Data provided section start

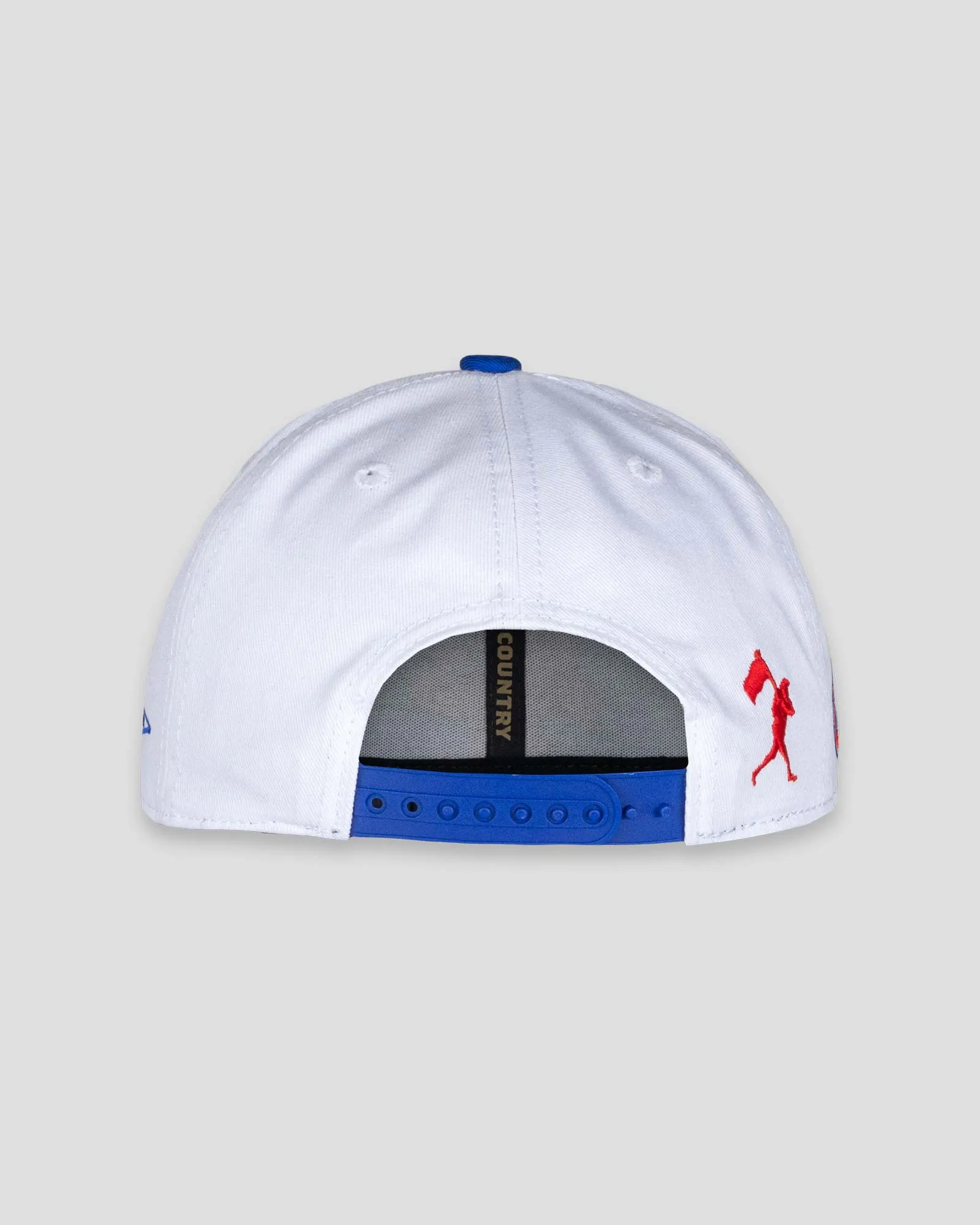 Flame Thrower Cap - Youth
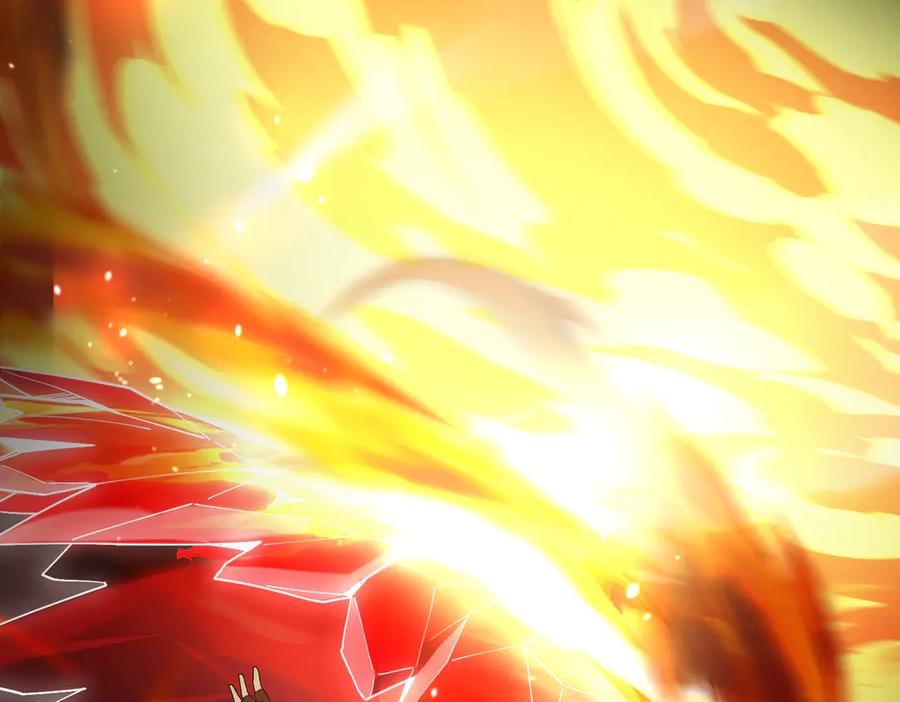《SSS级超越常理的圣骑士》第36话 特殊考验揭秘 第94页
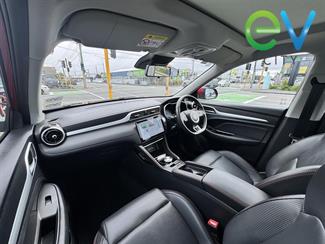 2023 MG Zs - Thumbnail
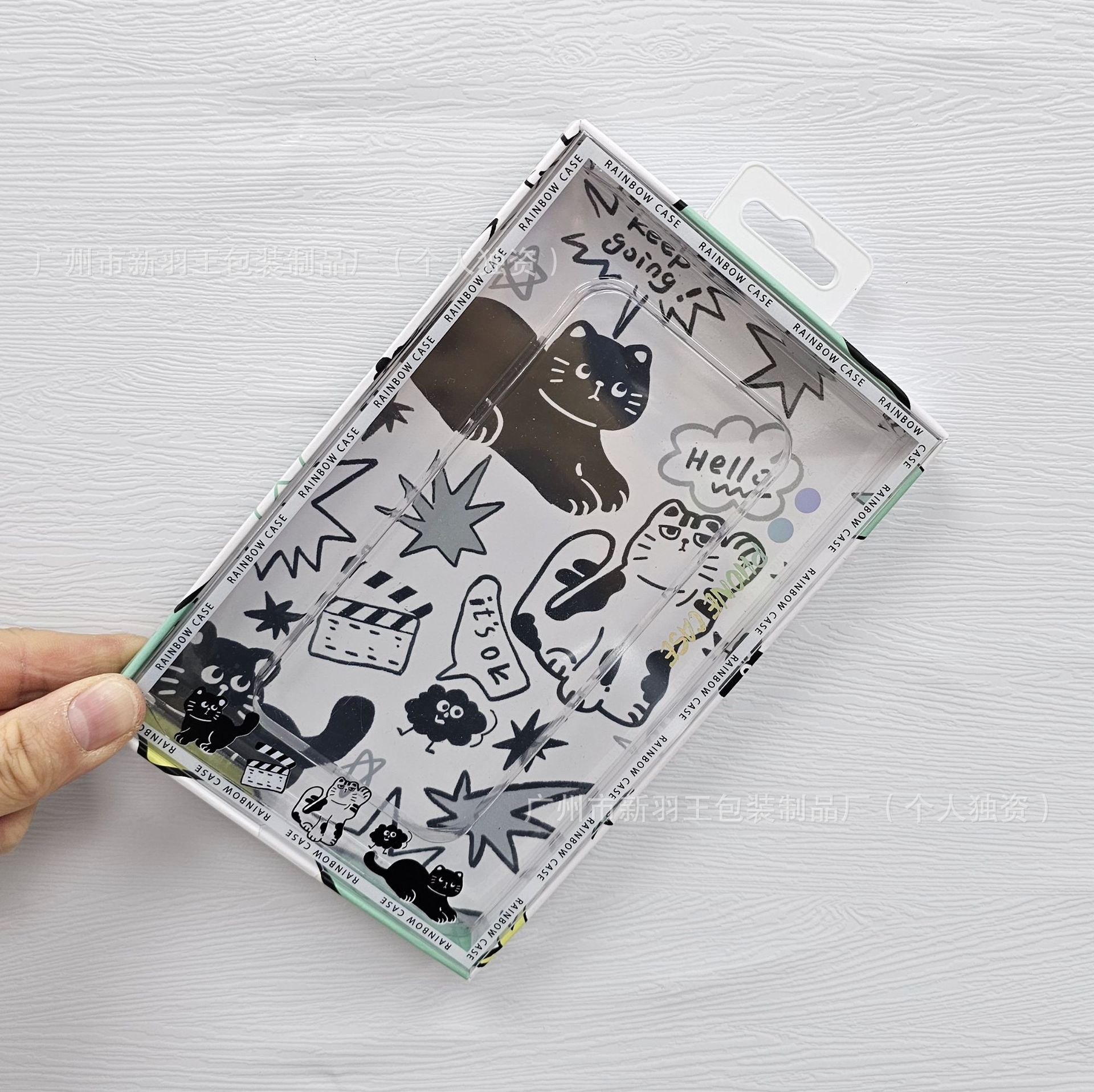 스타일 표시, 사진 촬영 금지 3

Data provided section end

Pictures are not part of the copy. Please reproduce the material word for word.

● **Solution to this exercise**:
 Flame Thrower Cap - Youth
《SSS级超越常理的圣骑士》第36话 特殊考验揭秘 第94页
 2023 MG Zs - Thumbnail
 스타일 표시, 사진 촬영 금지 3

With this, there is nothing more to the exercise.